Problem details -> Nothing but the text of the records should come back; copy it exactly and leave the pictures out.

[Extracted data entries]
---

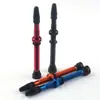 Válvula Tubeless para Bicicleta de Estrada/Montanha, Válvula Francesa Colorida a Vácuo, Núcleo de Válvula de Pneu em Liga de Alumínio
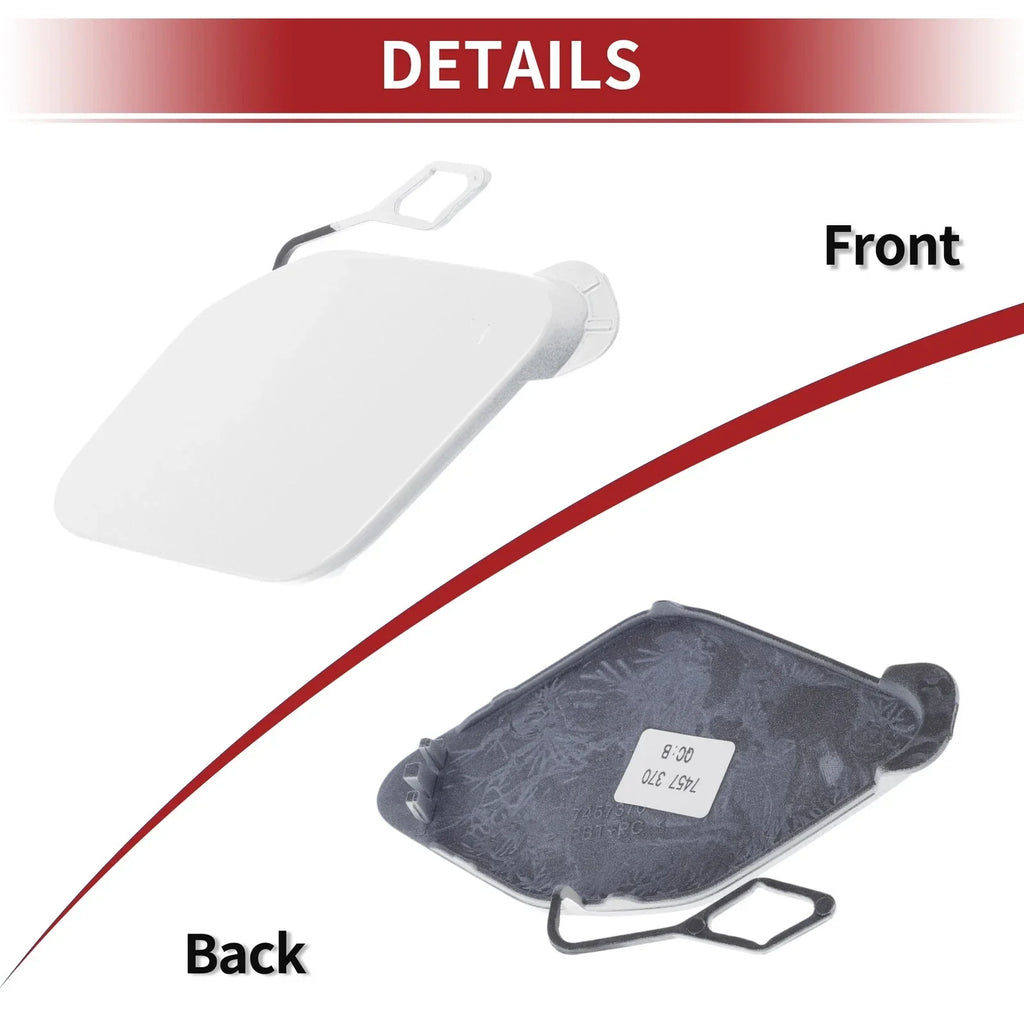 Tow Hook Cover for BMW 320i White 1 Pc (2016-2018)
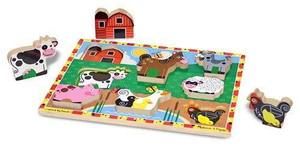 Wooden Chunky Puzzle Farm Animals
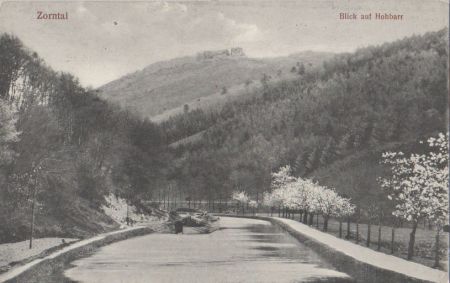 Zorn (Fluss) - Blick auf Hohbarr - ca. 1935 Zorn (Fluss) - Blick auf Hohbarr - ca. 1935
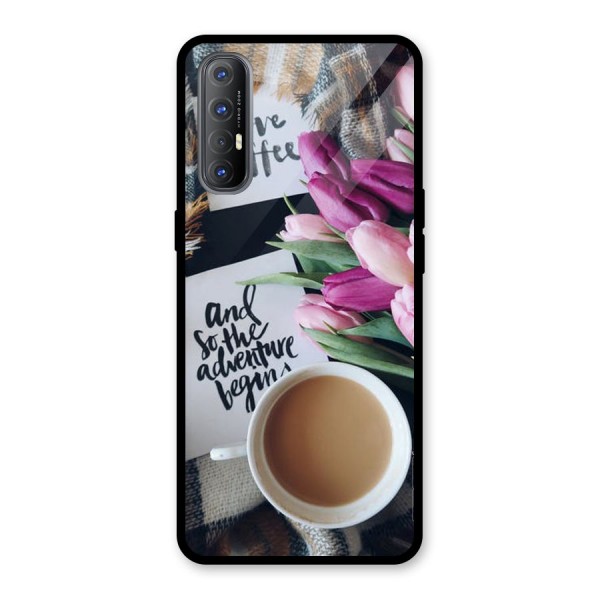 Floral Adventure Glass Back Case for Oppo Reno3 Pro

---

Result ->
 Válvula Tubeless para Bicicleta de Estrada/Montanha, Válvula Francesa Colorida a Vácuo, Núcleo de Válvula de Pneu em Liga de Alumínio
 Tow Hook Cover for BMW 320i White 1 Pc (2016-2018)
 Wooden Chunky Puzzle Farm Animals
 Zorn (Fluss) - Blick auf Hohbarr - ca. 1935 Zorn (Fluss) - Blick auf Hohbarr - ca. 1935
 Floral Adventure Glass Back Case for Oppo Reno3 Pro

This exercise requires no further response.